Studio album by Ed Ames
- Released: December 1965
- Studios: RCA Victor's Studio "A", New York City, New York
- Genre: Pop
- Length: 32:27
- Label: RCA Victor
- Producer: Jim Foglesong;

Ed Ames chronology
| My Kind of Songs (1965) | It's a Man's World (1965) | More I Cannot Wish You (1966) |

Singles from It's a Man's World
- "River Boy" Released: January 1966;

= It's a Man's World (Ed Ames album) =

It's a Man's World is a studio album by American singer and actor Ed Ames released in late 1965. It was his fourth original album for RCA Victor Records. It contained a total of 12 tracks, including one lead single. The material chosen was a mix between contemporary, original songs and traditional pop standards. The album received a positive critical reception following its release, and made a small impression on the US album charts.

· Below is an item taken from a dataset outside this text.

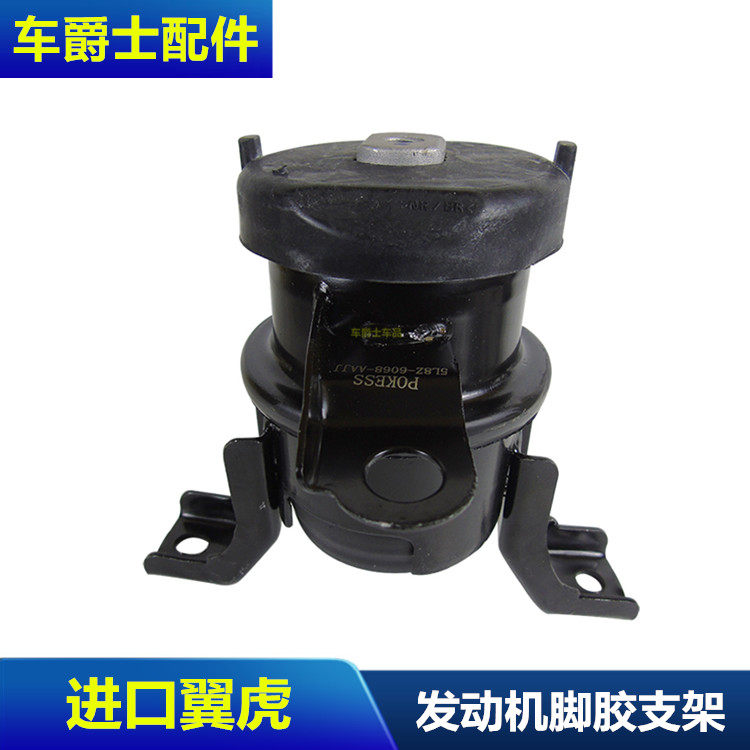 05-07美国翼虎发动机支架发动机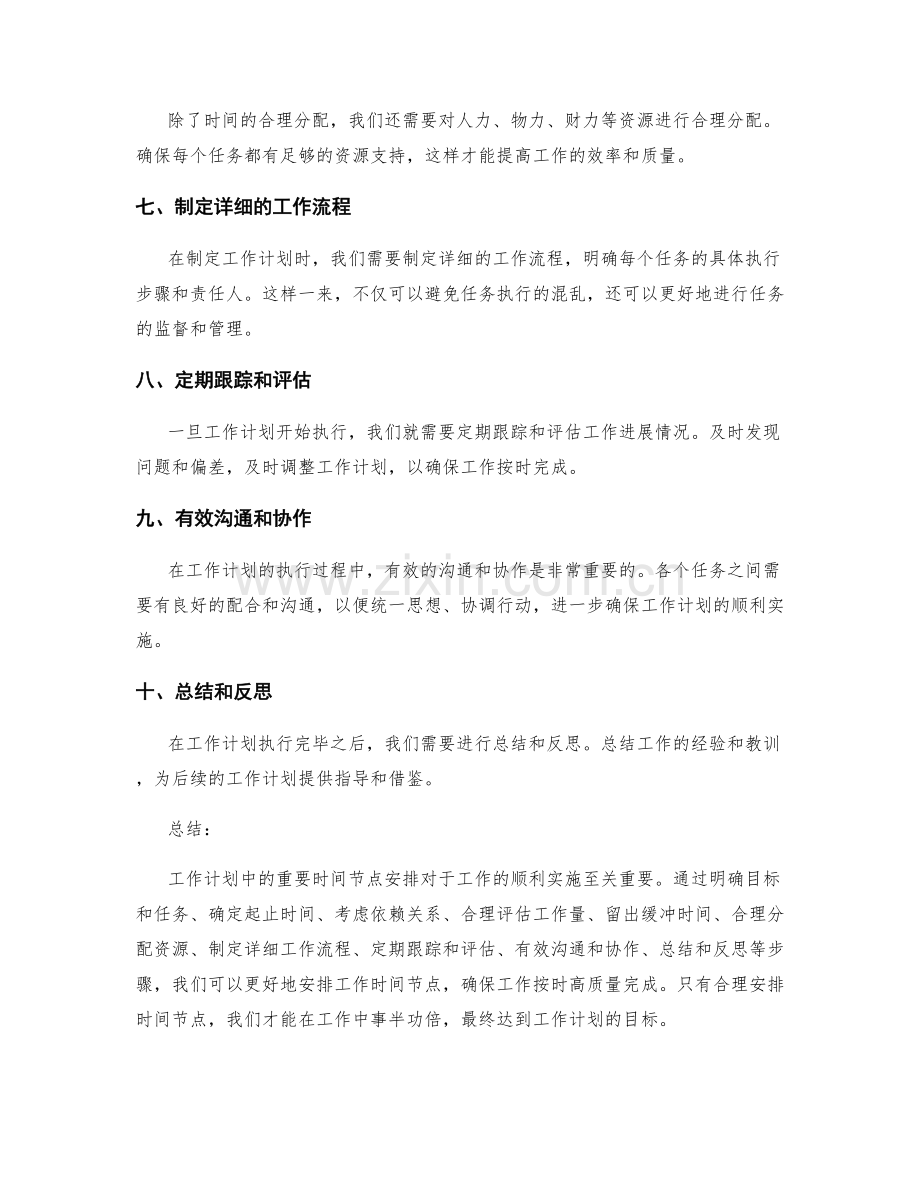 工作计划中的重要时间节点安排.docx_第2页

==Background, recording and content==
Ed Ames had been a recording artist for RCA Victor since the 1950s, gaining prominence during his time with the Ames Brothers. By 1965, Ames had established a solo recording career following the release of Opening Night with Ed Ames, The Ed Ames Album, and My Kind of Songs. It's a Man's World was produced by Jim Foglesong, and was one of two to be recorded at RCA Victor's Studio "A", located in New York City, New York. Foglesong would produce for Ames for the rest of the decade.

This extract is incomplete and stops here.